Accessories or accessory material: This is any material, gourd or otherwise,  that is added to the gourd(s) to complete a display. Accessory material is permitted except where specifically prohibited.

Assorted: Any class calling for “assorted” gourds should contain gourds of  differing shape, color and size, within the limitations stated for the class.

Base: Often gourds require assistance in order to sit firmly at the proper angle. A “base” is that support material – wood, rubber, metal, gourd, etc. that holds a gourd at the proper attitude. It may or may not be attached to the gourd.

Clear finish: Any finish, such as colorless varnish, shellac, wax, or oil, which enhances the overall appearance of the gourd or gourd craft but adds no color (except the slight darkening that may accompany the clear finish) is considered clear.

Color: This is any medium that adds to, or changes the color of a gourd (except the slight darkening that may accompany use of a clear finish). Examples of color that may be applied to a gourd include, but are not limited to, paint (acrylic, oil, watercolor, etc.), stain, ink, dye, colored pencil and shoe polish.

Cut Gourd: A cut gourd is one in which the shell has been penetrated by cutting, carving, drilling, burning, etc. Bowls, baskets, vases, etc. are examples of cut gourds.

Gourd Basket: A gourd with the top cut off and a handle attached, or a gourd cut so that the top serves as a handle. Lids are generally optional.

Gourd Bowl: Usually a round gourd that is wider than it is tall. The general appearance is a container that is intended to sit still.

Hardshell: These are “white blossom” gourds of the genus Lagenaria. They include, but are not limited to the bottles, dippers, canteens, cannonballs, bushels, kettles, bananas, etc.

Ornamental: These are “yellow blossom” gourds which are generally very colorful.
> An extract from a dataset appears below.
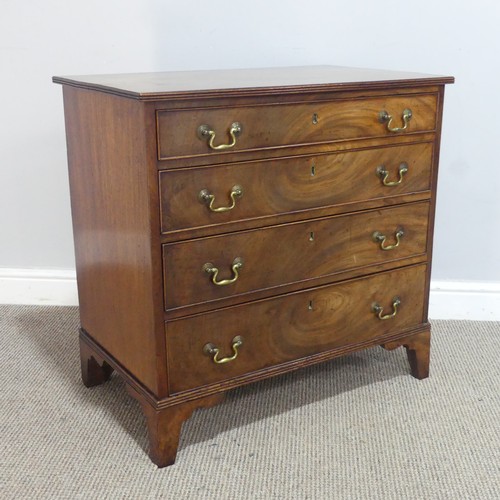 579 - A Georgian mahogany Chest of drawers, of small proportion, the reeded top over four graduating drawe...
They represent the genus Cucurbita. They include, but are not limited to the spoon, egg, orange, crown of thorns, spinning gourd, etc.
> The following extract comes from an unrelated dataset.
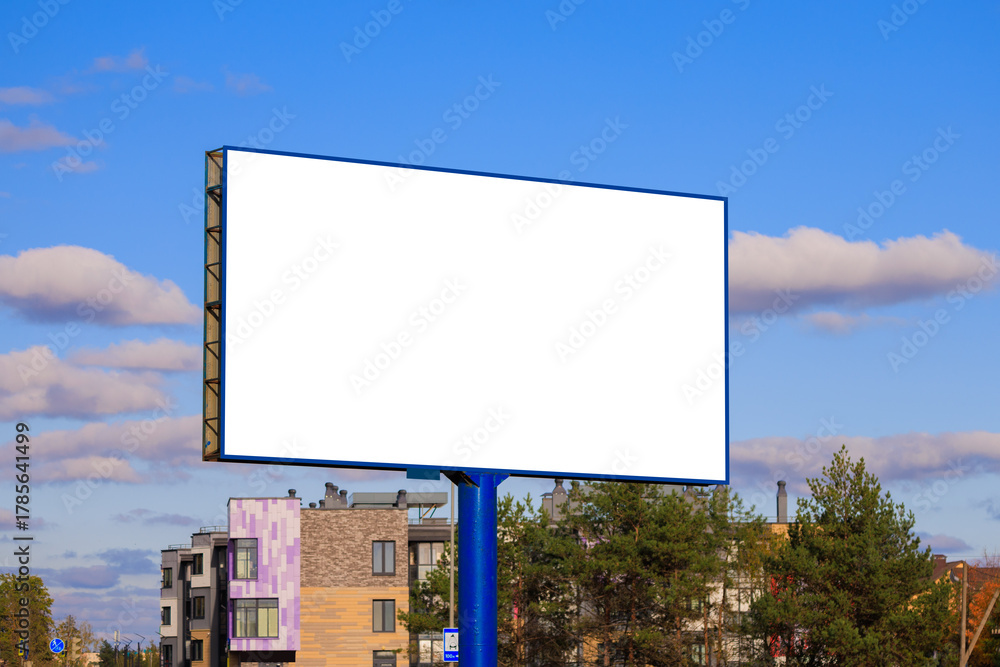 Fototapeta premium Advertising billboard along the road in the city on a sunny day. Background for design.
Other: When used in the Show Schedule to define a class, the word “other” indicates a class or technique which has not been previously specified.

Paint: Color may be added to a gourd by paint, stain, ink, etc. In general paint refers specifically to acrylic, oil and water color paints, including water and solvent-based markers. Paint does not include stain, dye, or ink.

Special Exhibit: These are non-competitive displays of gourds or gourd-related items that have educational or artistic interest.

Special Competition: Those competitive classes not covered by the AGS Handbook, and not part of the Official Show, are noted as Special Competition.

Whole Gourd: This is a gourd which does not have holes or openings cut,  burned, or drilled completely through the shell. It  may be called an "uncut gpourd". Carving may be accomplished on a whole gourd as long as the work does not completely penetrate the shell.